* How to complete this task *
Please give back the listing exactly, without any of its pictures.

Top of Data extract

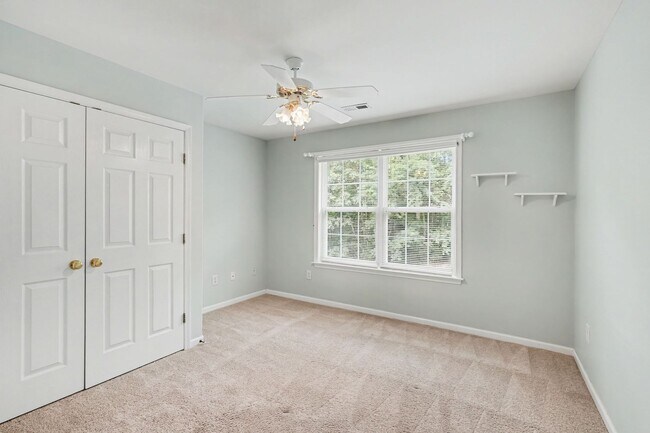 Building Photo - 24 Crestwood Ln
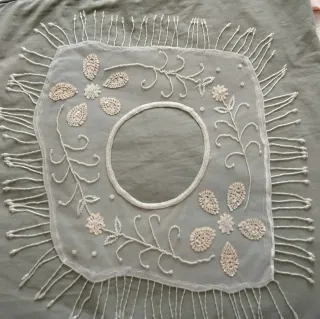 Babero de encaje con flecos y pedrería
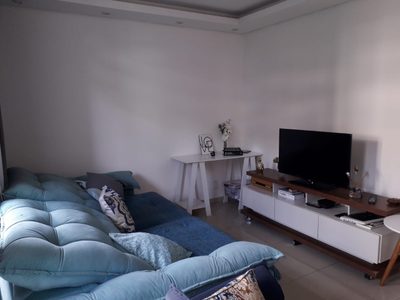 Apartamento, 3 quartos, 107 m² - Foto 2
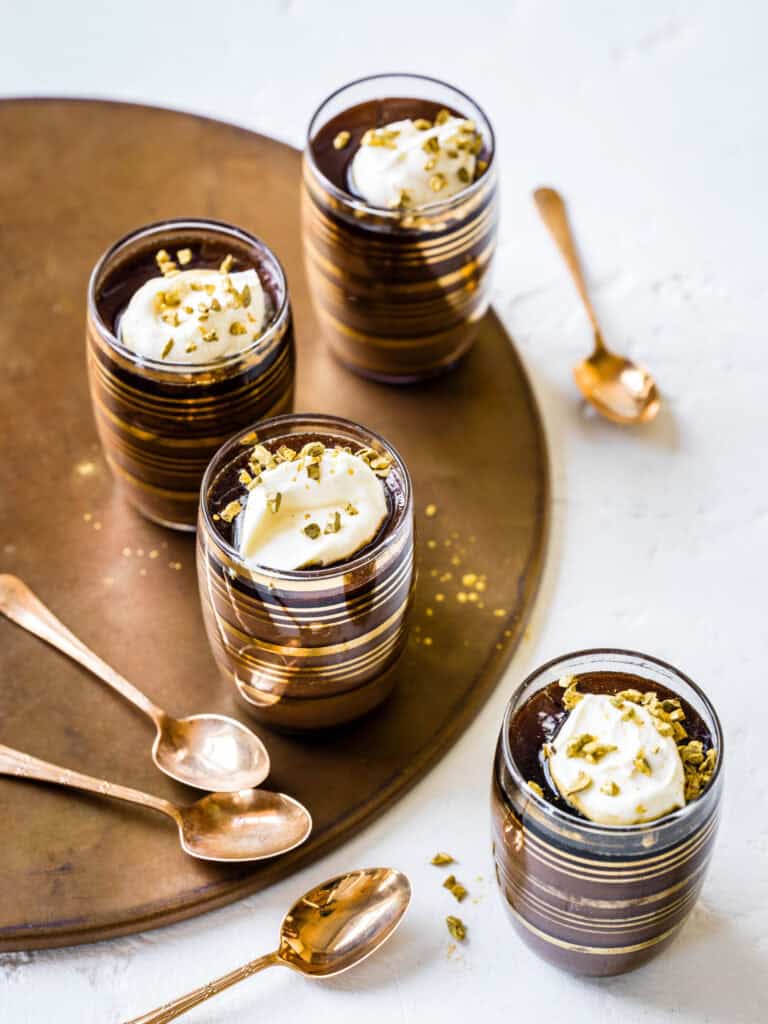Chocolade-kaneelroom met sherrysiroop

Bottom of Data extract

* Output for this exercise *
 Building Photo - 24 Crestwood Ln
 Babero de encaje con flecos y pedrería
 Apartamento, 3 quartos, 107 m² - Foto 2
Chocolade-kaneelroom met sherrysiroop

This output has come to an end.